Não sofri carência material, e nossa casa, com seus serviçais, reproduzia o ordinário de vida dos que eram significativamente chamados de “remediados”. Gente que o realismo de vovó Emerentina dizia ser parte de uma “pobreza envergonhada” porque não podiam usar sapatos furados, tinham contas a pagar e manter um estilo de vida de molde aristocrático.

Ouvi, é claro, histórias de funcionários públicos que “roubavam”, por oposição à honestidade canina da família, que recusava seguir o caminho da “política” — uma dimensão destinada a seduzir, enriquecer e eventualmente desmoralizar.

Vivi, pois, comendo o que havia na mesa.
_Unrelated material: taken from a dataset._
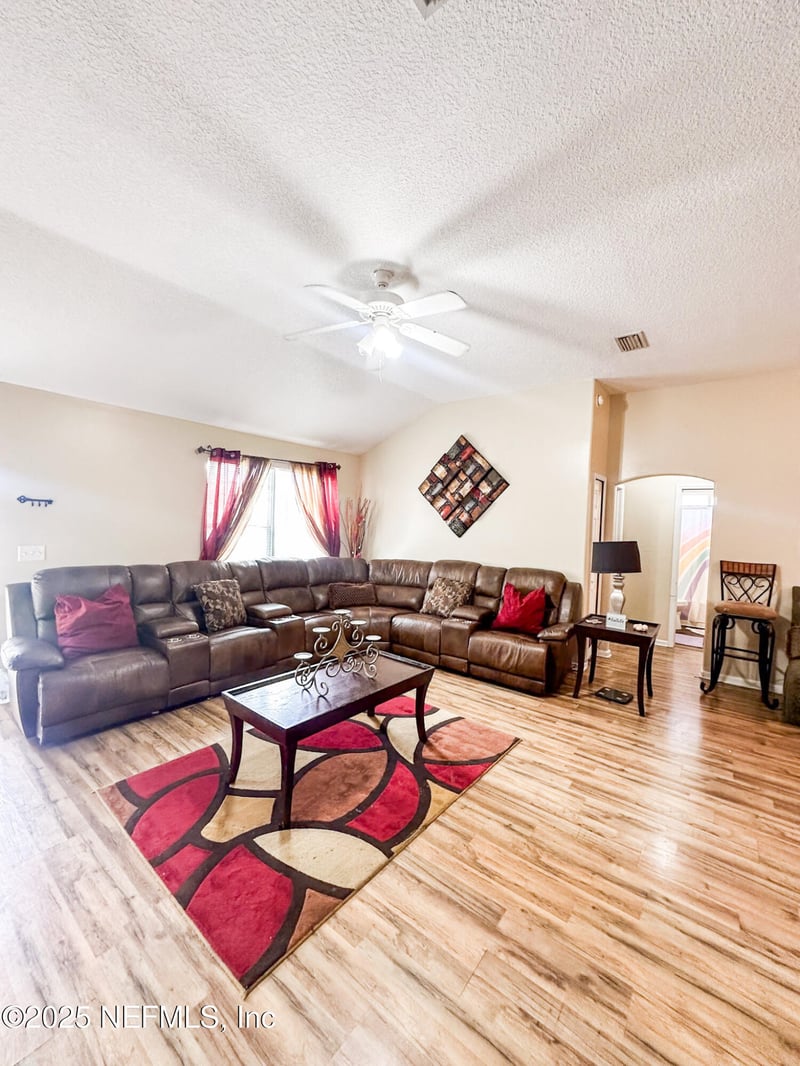 242 Mango Dr, Palatka, FL 32177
Não poderia jamais imaginar que os “remediados” de hoje levariam seus mal-educados filhinhos à Disney, enquanto meus cinco irmãos e eu íamos, no máximo, ao cinema.

Vivi num mundo com larápios mas sem “corruptos”. Alguns dos quais eram conhecidos e compadres. Arrumavam-se pelos laços pessoais chamados de “política”, e era inimaginável que um partido de esquerda viesse a engendrar um sindicato do crime composto por controladores do patrimônio do país e alguns empresários ousados e canalhas.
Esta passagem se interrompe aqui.